Now, there are a few ways to look leg of lamb—one is low and slow, and one is to start with the oven high for a brief chunk of time, and then lower it for the remainder of the cooking time. That’s what I did the first few times I made this.
And then when I was taking these photos, I totally and completely forgot to turn down the oven. I noticed it was a bit smokier than usual, and then I looked at the oven temp knob and though “OH SH*T”.
I thought I had ruined a very expensive cut of meat (this time I wasn’t so lucky with the sales). But what had also happened was that the semi-boneless leg of lamb I had bought was actually a bit over 7 pounds….and by the time I remembered that I didn’t turn down the oven, about 1 hour and 20 minutes had gone by.
I panicked. I was so pissed. I pulled out the lamb.
And it was PERFECT. Amazing crust, the internal temperature was slightly above 120°F when I took it out, and then after resting it rose to a perfect 130°F.
I was seriously lucky. And the lamb was seriously amazing.
So, if you choose that route, a 7 to 7 1/2 pound semi-boneless leg of lamb should take from 1 hour and 20 minutes to 1 hour and 45 minutes.

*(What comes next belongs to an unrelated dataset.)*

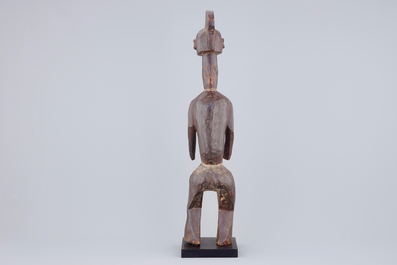 An African carved wood figure, 3rd quarter 20th C.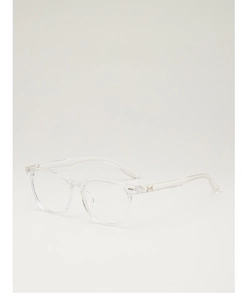 Detailed view of transparent square frames with fine gold metal accents on the hinges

Lemon-Garlic Semi-Boneless Leg of Lamb
- Cooking Time: 1 hour and 45 minutes minutes
- 1 4-pound semi-boneless leg of lamb
- 1 tablespoon minced garlic
- Coarse or kosher salt and freshly ground pepper to taste
- Finely grated zest from 2 lemons
1. Rub the garlic and lemon zest all over the lamb, and season well with salt and pepper. Place in a bowl or on a plate and refrigerate overnight, uncovered.
2. Preheat the oven to 425°F. While the oven is preheating place the lamb on a rack in a roasting pan of some sort, and allow it to come to room temperature.
3. Roast the lamb for 20 minutes, then reduce the heat to 350°F and continue to cook for another 50 or so minutes, until a meat thermometer registers 135° in the center of the meat. Remove from the oven and let it sit for 20 minutes to collect its juices and finish cooking before carving and serving.